Belt and Road Initiative: Inept translation of Qingdao Declaration alters India’s stand

Shanghai Cooperation Organisation’s English statement on the declaration implied Delhi’s support for the Chinese connectivity project.

June 12, 2018 09:25 pm | Updated June 13, 2018 12:45 am IST - NEW DELHI

A major embarrassment for the government was averted on Tuesday, after the Shanghai Cooperation Organisation (SCO) agreed to pull down its English version of the Qingdao Declaration signed by Prime Minister Narendra Modi on June 10, which appeared to show that all “member states” including India had supported and endorsed China’s Belt and Road Initiative.

The wording of the paragraph on the statement in English, which differed from the official versions in Russian and Chinese put up on the SCO website, would have marked a big departure from the Modi government’s stand on the Chinese connectivity project which India is staunchly opposed to .

According to the mistaken version available online on Tuesday, the statement said that, “Reaffirming their support for the Belt and Road Initiative (BRI)” of China, Kazhakstan, Kryrgyz Republic, Pakistan, Russia, Tajikistan and Uzbekistan, “the Member States express appreciation for the joint efforts taken towards its implementation”.

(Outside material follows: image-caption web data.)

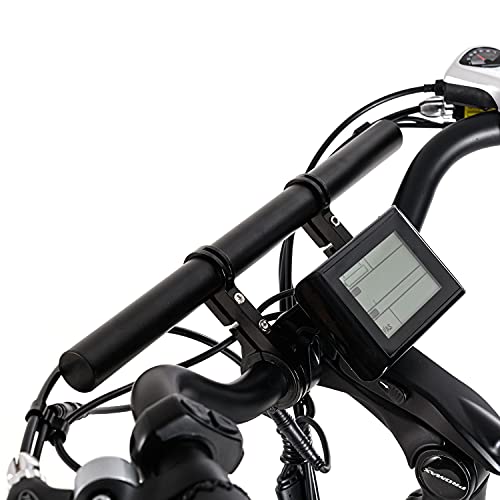 Black Aluminum Alloy 30cm Handlebar Extender A341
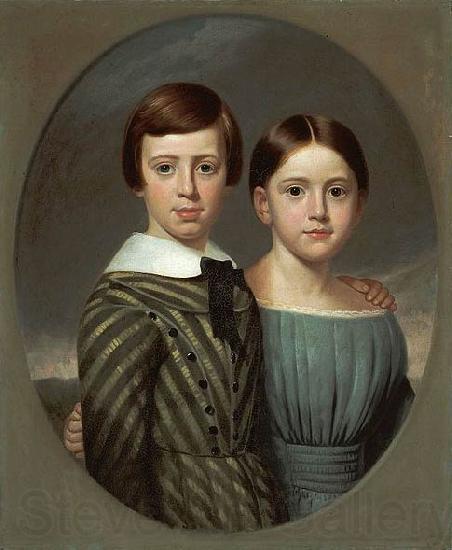 Samuel Lancaster Gerry John Oscar Kent and His Sister, Sarah Eliza Kent. Germany oil painting art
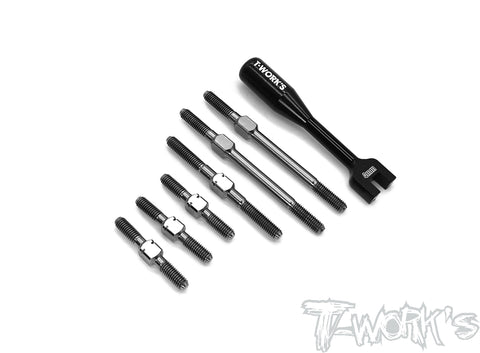 TB-238 64 Titanium Turnbuckle Set ( For Serpent 750 EVO )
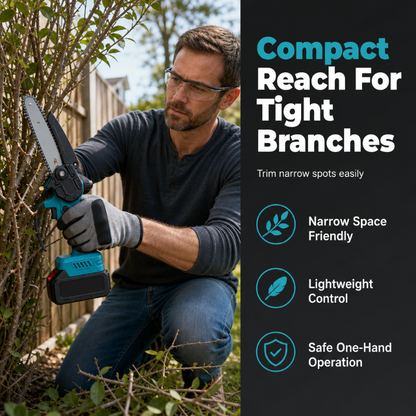 Handheld Rechargeable Electric Cordless Mini Chainsaw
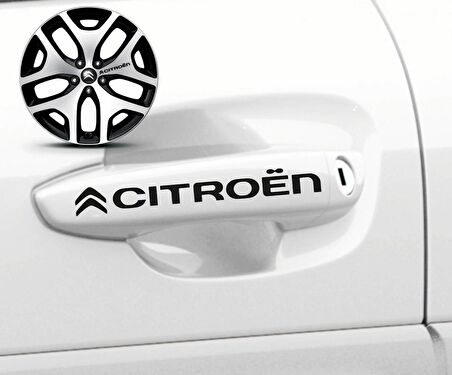 Cit roen Kapı Kolu Sticker 10Adet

India is the only member state of the SCO which is not a part of the BRI, and has publicly criticised it.

After the meeting of Foreign Ministers of the SCO in April 2018 too, India had not been included in the paragraph on BRI. During his intervention at the eight nation SCO summit on June 10 , Prime Minister Narendra had said India supports only those connectivity projects that are “inclusive, sustainable and transparent, and respect countries' sovereignty and territorial integrity”, indicating New Delhi’s problem with the China Pakistan Economic Corridor (CPEC) that traverses through parts of Pakistan Occupied Kashmir and Gilgit-Baltistan claimed by India.

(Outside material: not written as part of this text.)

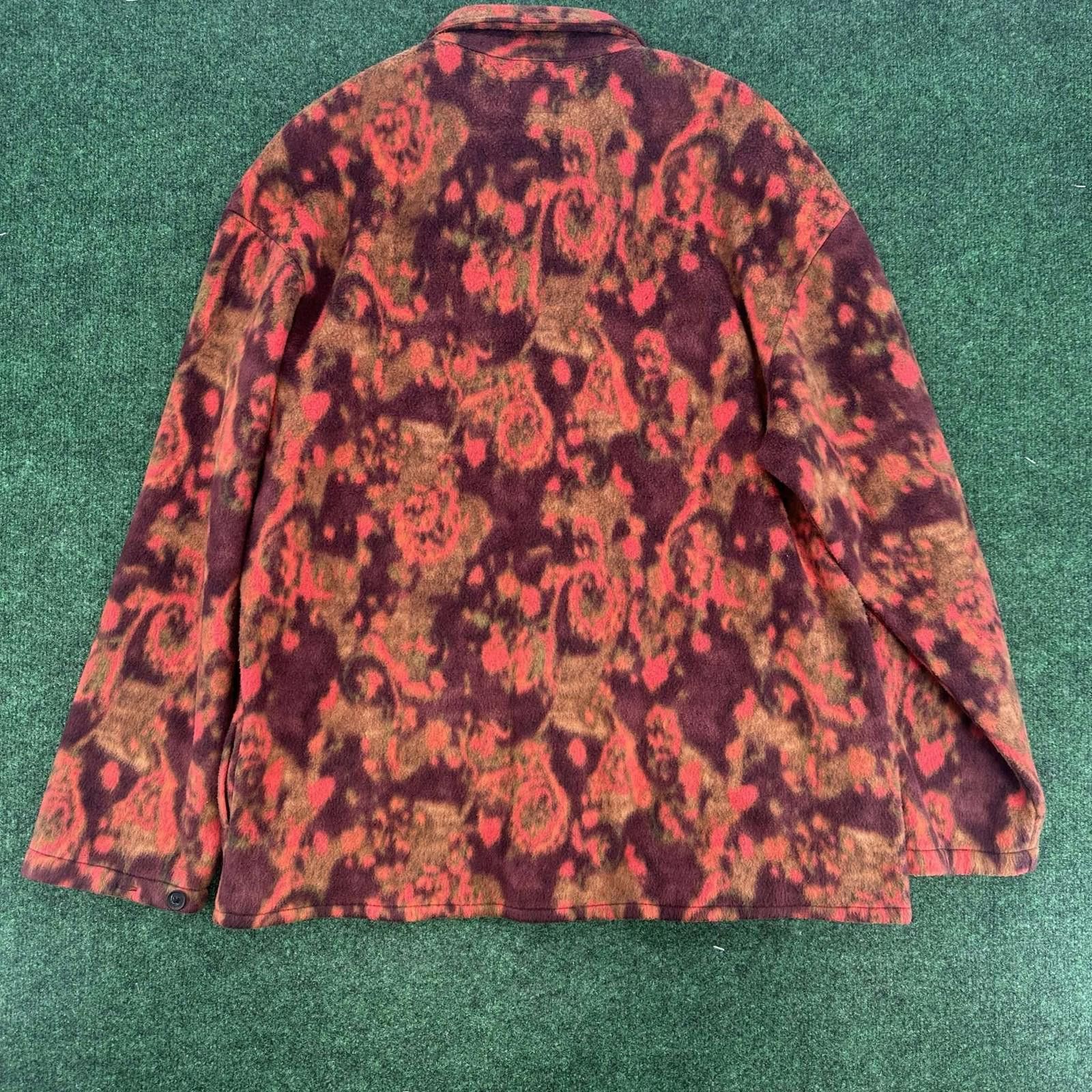 Supreme Supreme Paisley Floral Fleece Shirt M New D9073 Size US M / EU 48-50 / 2 - 2 Thumbnail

Senior former diplomats that The Hindu spoke to called the SCO declaration in English a case of “sloppy drafting” and “an oversight” and called for the Ministry of External Affairs to take note of the SCO statement lest it became a reflection of the Indian position for the future.

“It is obvious that there is no change in the government’s position on BRI, and I think it is necessary to set the record straight, even if it is in a translation,” said former Ambassador Vishnu Prakash, who had served as MEA spokesperson, explaining that traditionally the SCO only presents official documents in Russian and Chinese, but that the Indian delegation would have had to clear the English translation on the basis of which Mr. Modi would have signed the declaration.

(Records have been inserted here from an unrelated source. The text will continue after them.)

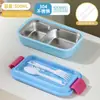 Lonchera de Acero Inoxidable 304 de Alta Calidad Estilo Japonés con Compartimentos, Lonchera Ligera para Oficinistas y Estudiantes, Lonchera Bento Portátil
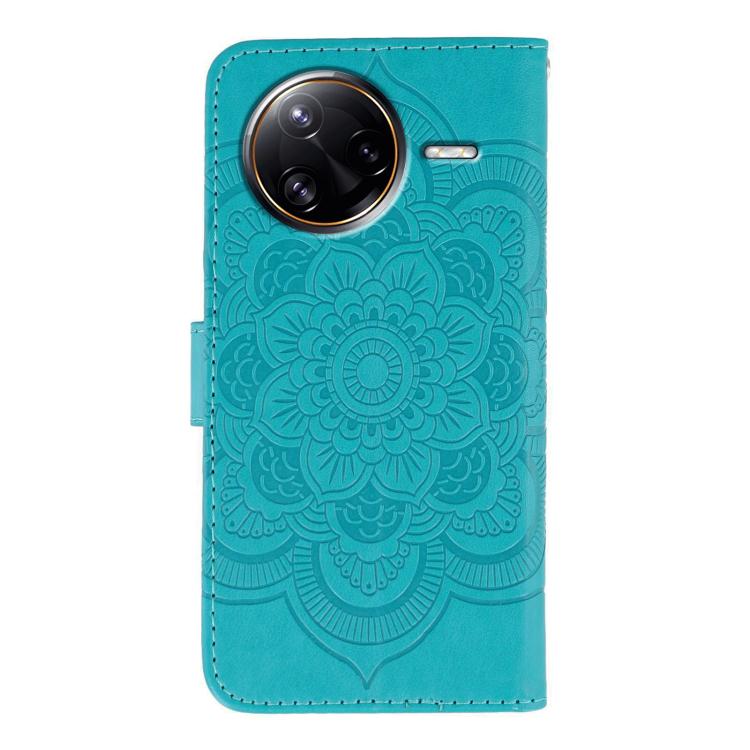 For Xiaomi Poco F7 Ultra / Redmi K80 Pro Sun Mandala Embossing Pattern Phone Leather Case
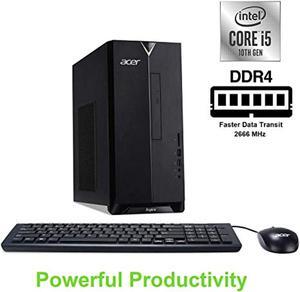 Acer Aspire TC-895-UA92 Desktop, 10th Gen Intel Core i5-10400 6-Core Processor, 12GB 2666MHz DDR4, 512GB NVMe M.2 SSD, 8X DVD, 802.11ax Wi-Fi 6, USB 3.2 Type C, Windows 10 Home (DT.BF2AA.002)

“It is for the MEA to decide if they should insist on an amendment,” said former Foreign Secretary Shyam Saran, adding that the MEA should opt for a “statement in clarification”.

The Hindu also contacted the MEA spokesperson’s office which then contacted the SCO and had the faulty version of the document deleted from the website. “It was an unofficial translation that should not have been there in the first place,” said a source, adding that the SCO secretariat agreed to delete it when the error was “pointed out to them”.

However, the SCO secretariat did not clarify when it might upload the corrected version of the formal declaration. Until Tuesday evening, the MEA website, which records all bilateral and multilateral documents signed by the government, had not uploaded any version of the SCO Qingdao declaration, released on Sunday.